New York City homes that were in the flood zone during Hurricane Sandy saw negative impacts on their price trajectories, and five years on, the persistent price discount shows no signs of vanishing, according to professors from Queens College of the City University of New York.
Economics professors Francesc Ortega and Suleyman Taspinar analyzed Sandy-related impacts on New York City housing prices by looking at sales data from 2003 to 2017 and FEMA data on building damage caused by the hurricane.
While housing values were essentially the same for properties in the flood zone and those elsewhere prior to Sandy, the researchers found robust evidence of a negative hurricane-related impact on the price trajectories of flood-zone homes starting in the quarter immediately after hurricane Sandy. The study estimated a persistent price discount of about 8%, which showed no signs of vanishing five years after the hurricane.
The study’s findings compare to past research that found the homebuyer response to flooding risks to be short-lived. Although regional risk to hurricanes or flooding is consistent from year to year, homebuyers usually consider the risks immediately after a catastrophic event. The effects, however, very often vanish completely within five years.

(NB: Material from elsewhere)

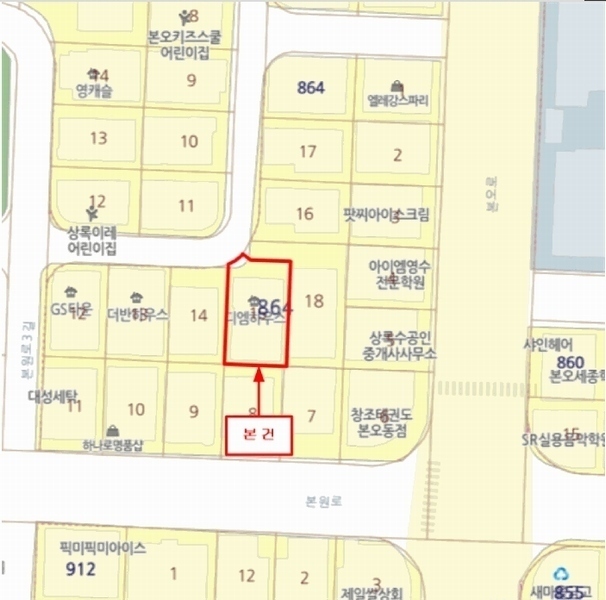 2025타경52599 경기도 안산시 상록구 샘골로7길 39-1, 디엠하우스 3층 302호 다세대(빌라) 경매 이미지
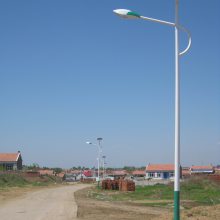 成都路灯厂 乡村振兴一体化太阳能路灯 藏式太阳能60WLED道路照明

Additionally, the researchers found that the price trend for flood-zone properties was influenced by whether they were damaged during the storm. For Hurricane Sandy, damaged properties saw an immediate price drop of more than 15%. Prices for these properties partially recovered probably due to repairs and gradual restoration. In contrast, flood-zone properties that were not damaged saw a gradual decline in their value. By 2017, the price discount on these flood-zone properties appears to converge to the same discount as properties that had suffered damage during the storm.